やりとりの最初は、高岡先生が、以下のようにガンダーセンのビデオを紹介するところから始まりました。ぼくは、ガンダーセンの以前の発言が気になっていたので、批判のコメントをしたのですが、その後、話題の流れで、水俣の話をいろいろ教えて頂き、高岡先生が、何を心配されているのか、恥ずかしながら、ようやく理解できたという感じです。
●【高岡先生】
以前から気になっていたのですが、4月に、福島第一原発三号機で使用済み核燃料が1マイル以上吹き飛んだということをアーニー・ガンダーセンが言っていました。
これについて、9月8日、京都大学原子炉実験場の今中哲二先生に質問をしてみました。
今中先生は、使用済み核燃料プールが損傷していること自体を否定し、ガンダーセンの発言に根拠がなく信用できないと言っておられました。
このことには、三号機の爆発が核爆発であったのか否かを含めて、多くの人々が興味を持っておられます。最近、ガンダーセンが、三号機の使用済み核燃料プールの問題について、さらに掘り下げた意見を述べていますのでご紹介いたします。
http://bit.ly/qcOqqY
このビデオのひとつ前のガンダーセンの解説も追加しておきます。このなかで、NRCは、「燃料プールは損傷していない」と言いながら、1cmの燃料が1マイル離れたところで発見されたものを原子炉の中から出てきたと主張しています。ガンダーセンは根拠なしに述べているのではなく、具体的にNRCの報告書のページまで述べています。

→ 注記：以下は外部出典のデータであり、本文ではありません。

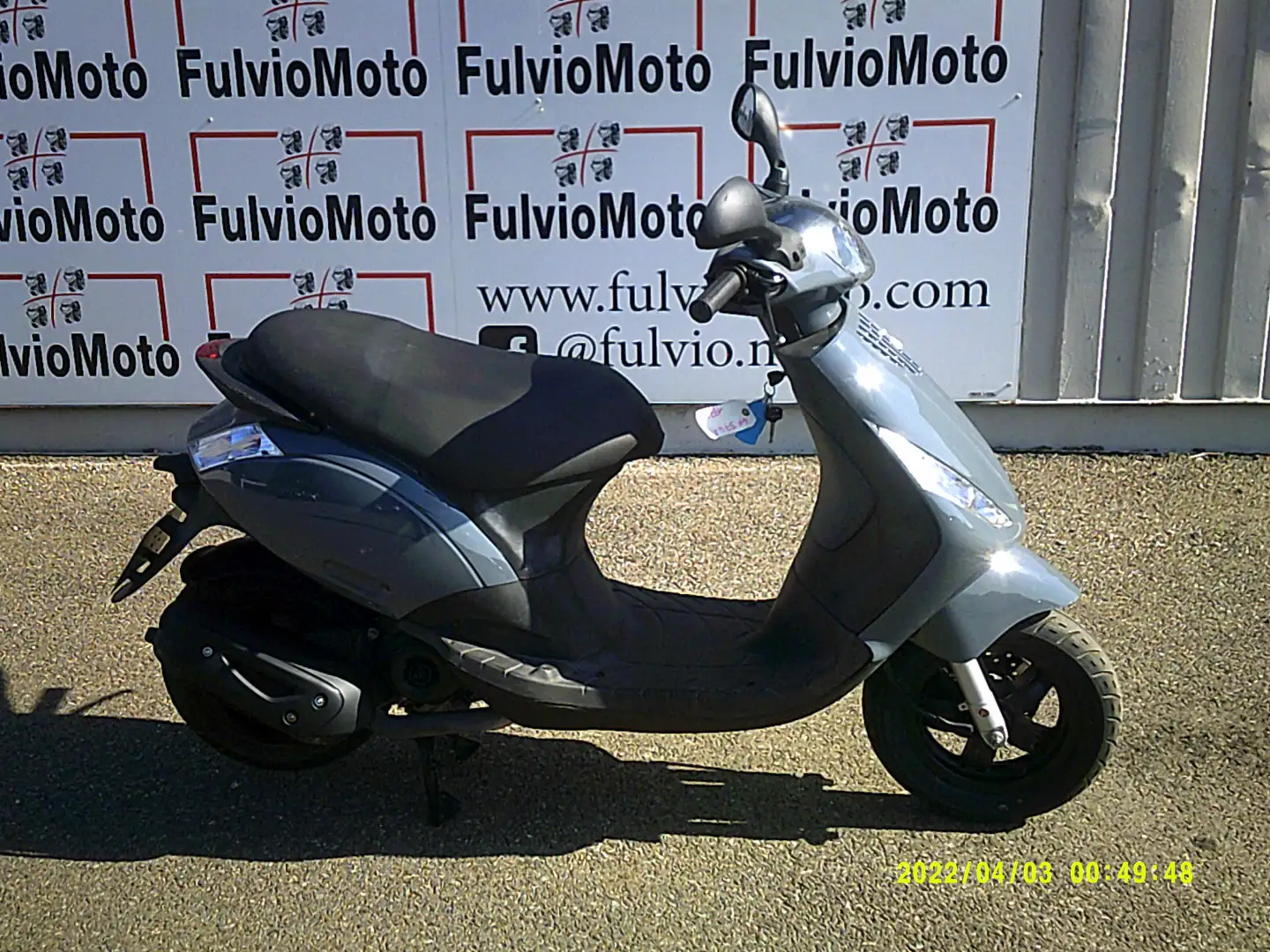 Piaggio Zip 50 Gris - 2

ガンダーセンは、燃料プールからのものであってもなくても大変なことと言っています。
http://bit.ly/oZDu6W
最初のガンダーセンのビデオを紹介したページも、プルトニウムについての情報を含んでおり、ホットパーティクルについてのガンダーセンの解説がありますので、紹介しておきます。
http://kaleido11.blog111.fc2.com/blog-entry-845.html
○【粂】
ガンダーセンは8月26日のビデオで2号機の使用済み核燃料プールの放射線レベルが「非常に高い」と述べていますけど、kgあたり8乗レベルで「非常に高い」って、「はぁ?」という感じです(笑)2号機原子炉がまき散らした放射能の総量を、この人は知っているのでしょうか?彼は定量的な議論ができないようです。今中先生が正しいと考えます。
●【高岡先生】
粂先生、コメントありがとうございます。とても参考になります。その他、燃料棒や燃料プールなどについては、コメントはいただけないでしょうか。
○【粂】
高岡先生、ぼくは原発の仕組みについては素人ですから、よくわかりません。燃料に使われていたプルトニウムが、ごく少量は飛散していることは明らかです。ただ、現時点では、セシウムなどの総量に比べれば、無視できる量ですから、その原因が再臨界だったのかとか、燃料がむき出しになっているかどうかなどは、あまり大きな問題だとは考えていないということです。(政府など公的機関だけではなく)民間で観測されているデータからも、漏出した放射性物質の9割は2号機の爆発によるものからなので、3号機の原子炉が吹き飛んでいるというのも、非科学的な推測と考えます。証拠は煙の色だけでしょ?本当にそうなら、現在あそこで作業している人たちが大丈夫とは思えません。ガンダーセンは、こういう定量的な疑問に答えていないですね。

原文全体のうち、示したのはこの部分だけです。